It is easy to assume that wineries maintain their own grape gardens in much the same way some meat factories maintain stocks of animals.
In reality most wineries not only outsource most of their grapes, but may rely on other facilities for work such as aging or bottling as well.
This is because winemaking is a heavily involved process, from gathering grapes to fermenting and bottling finished wine. Having multiple facilities can allow each station to focus on and perfect a specific aspect of winemaking. This article will discuss each type of facility, how they connect, and why they are often separated.
What Facilities are Needed to Make Wine?
The process of winemaking requires three specialized types of facilities, vineyards, wineries, and wine cellars.

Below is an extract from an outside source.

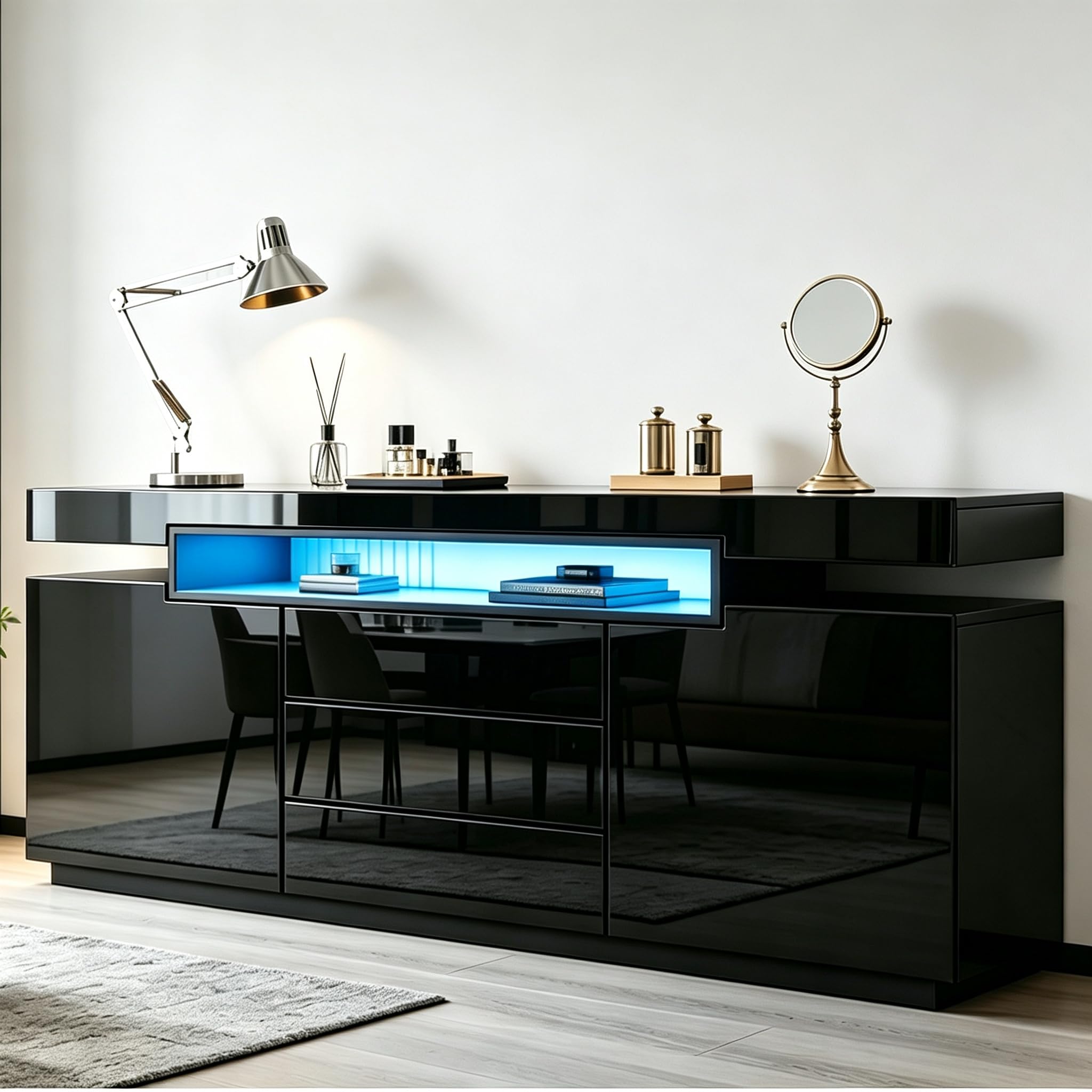 BESTWANTED High Gloss Sideboard Cupboard Storage Cabinet with LED Light,160cm TV Unit with 2 Doors,3 Drawers & Large Open Shelves for Dining Room,Living Room,Kitchen,Hallway,Black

Each of these facilities is designed to handle a different aspect of winemaking, and while they can all be part of the same compound or company, most locations will only handle one or two parts of the winemaking process.
Vineyards are farms or plantations designed to grow large amounts of wine grapes for the production of wine. Which grapes are produced and the quantity of grapes are determined by the terroir of the vineyard. Terroir is a French term meaning ‘sense of place’ or ‘location’, and refers to the geological, climatological, and other environmental factors of the vineyard.

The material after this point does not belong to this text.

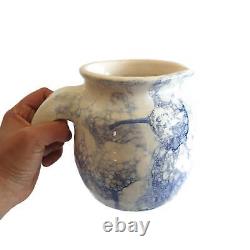 Decorative Ceramic Water Pitcher for Table Handmade Pottery Jug Vase Blue White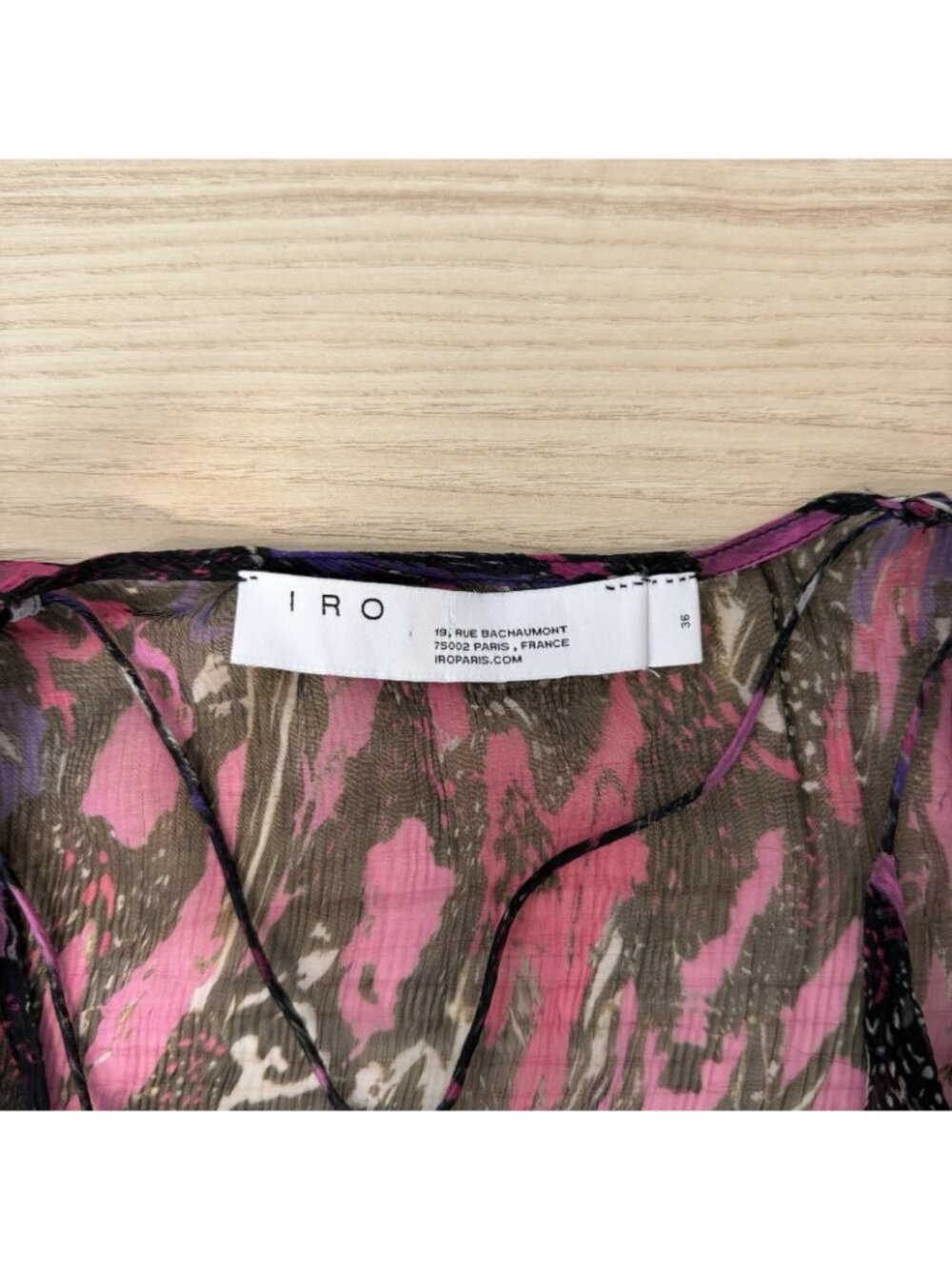 IRO Street Marble Blouse Size 36 US Small 4 Sheer Chiffon Multi Twist Knot Front - Picture 7 of 14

Different strains of wine grape need different terroirs to survive, although some can be grown across multiple terroirs. Vineyards also require mechanized equipment, growers, and viticulturists to help in the labor intensive process of maintaining, harvesting, and shipping grape crops to wineries.
Wineries themselves specialize in turning grapes into wine, often following the process from juicing to fermentation. Unlike vineyards, wineries do not have to be as selective when it comes to choosing locations or terrain, since most facilities are indoor structures that can be climate controlled with modern technology.
Wineries often use a mixture of mechanical systems and physical techniques to juice, store, and ferment wine grapes. This requires not just equipment and manpower but the right chemicals and scientific understanding to transform grape juice into wine, making this perhaps the most involved part of winemaking.
Cellars are a much simpler facility, and most times are attached to a larger winery for convenience sake. Cellars are where wine is stored for long-term aging so that it can develop a more complex and balanced flavor. Aging is essential to creating most wines, as even the freshest vintages require some time to chemically settle after fermentation.
Cellars do not require as much physical labor, since wine is simply stored and left to age for a set period of time. Cellars do, however, require strict environmental controls, unique aging barrels, and a knowledge of aging procedures. If wine is not properly stored in the right environment and goes bad, all the work of the vineyard and winery will be for nothing.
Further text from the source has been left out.